Oil shale is a form of sedimentary rock which contains compounds which can be converted into hydrocarbons. In fact, the term “oil shale” is a bit of a misnomer, since oil shale isn't actually shale, and it doesn't contain oil, either. Worldwide deposits of oil shale could potentially yield around three trillion barrels of oil, if processed efficiently, and many oil companies aim to improve the efficiency of their extraction process to make this number even higher. As such, oil shale is viewed as a potential alternative to crude oil extraction, in response to concerns about dwindling crude oil reserves.
Like crude oil, oil shale contains a large amount of organic material. In oil shale, this organic material forms compounds known as kerogens, which can be extracted from the rock by heating it to create a vapor. The vapor can then be distilled to create various hydrocarbon chains, ranging from heating oil to gases. Oil shale has also historically been used as a source of fuel, because the rocks will literally burn, thanks to their kerogens.
Processing oil shale is not without serious environmental repercussions. First, the rock must be extracted, generating a variety of issues associated with mining including erosion and pollution. Then, the rock has to be treated to extract the kerogens. During the treatment process, the rock expands, making it difficult to put back into the mine once the area has been stripped, and the rock is also carcinogenic, so it is difficult to dispose of safely. The distillation process also eats up a lot of resources, making it even less efficient than traditional crude oil distillation.
Oil shale processing programs have been piloted in several countries; the rock itself has been used in industrial processes since the 1800s. However, large scale mining and processing of oil shale has met with serious opposition from many environmental organizations, with members fearing that it could degrade the environment while encouraging a reliance on fossil fuels. The thought of digging up vast swathes of the natural landscape for the purpose of extracting fuel is also extremely distasteful to many activists, who are concerned about the Earth's remaining wilderness areas.
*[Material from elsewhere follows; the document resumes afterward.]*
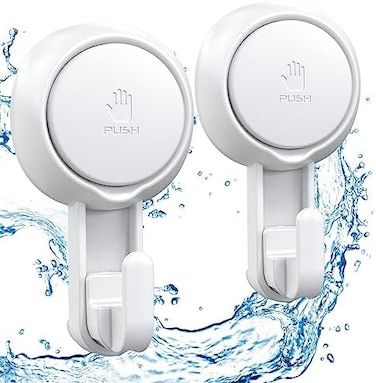 LUXEAR Suction Hooks Powerful Vacuum Suction Cup Hooks- Heavy Duty Shower Hooks Waterproof Suction Hanger for Bathroom Kitchen Towel, Robe, Loofah Removable and Reusable Hooks for Bags Coat (2 Pack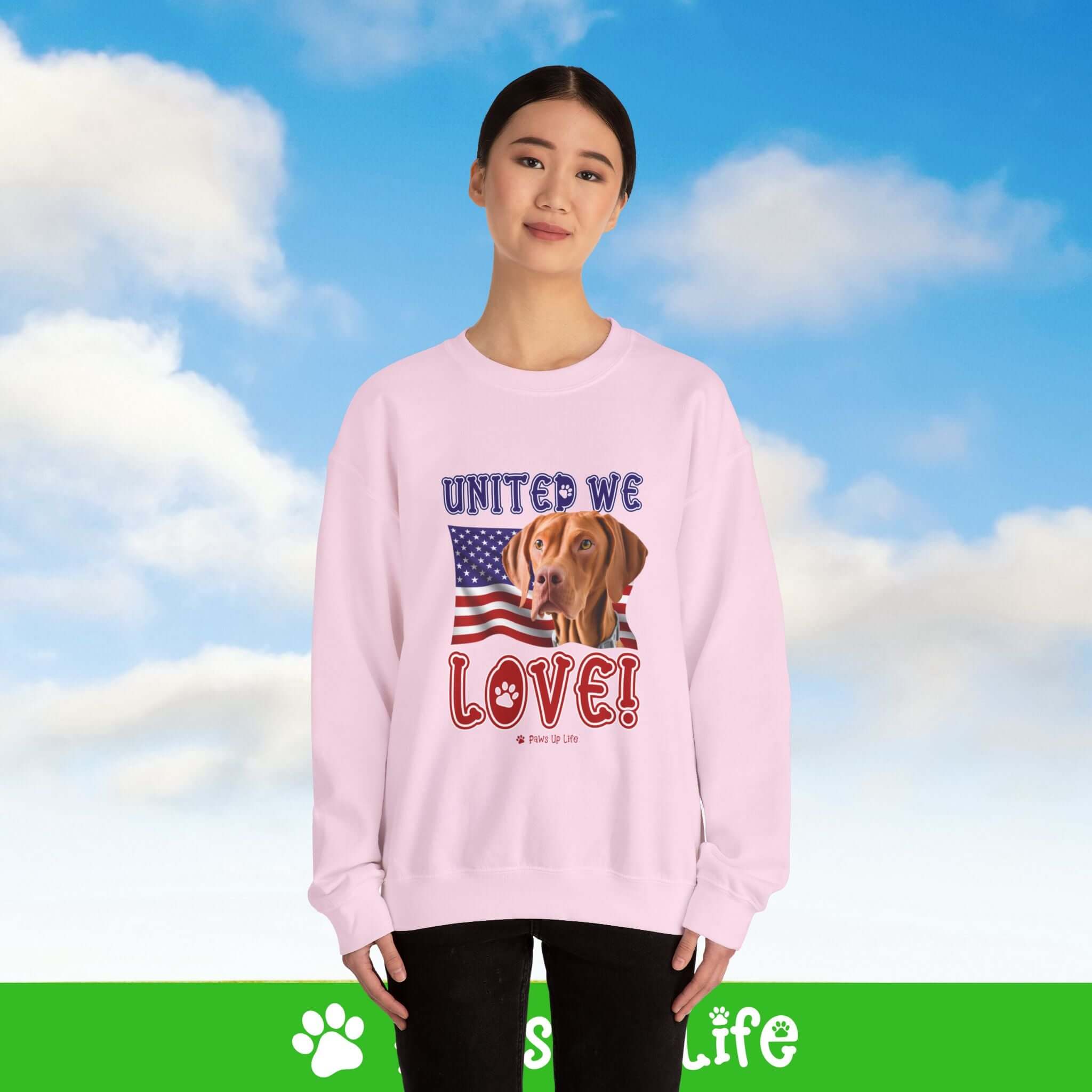 "United We Love" Vizsla Patriotic Dog Lover Unisex Cotton Crewneck Sweatshirt – The Perfect Cozy Gift for Proud Pet Parents!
In the early 21st century, when oil prices began to rise quite dramatically, many people looked to shale oil, oil-bearing sands, and bituminous rock as potential sources of energy. However, these sources are ultimately only a temporary stopgap, as eventually reserves of these materials will disappear as well, leaving people facing a serious energy crisis. In the short term, conversion to such materials could drive energy prices up even higher, as a result of the labor required to render them usable.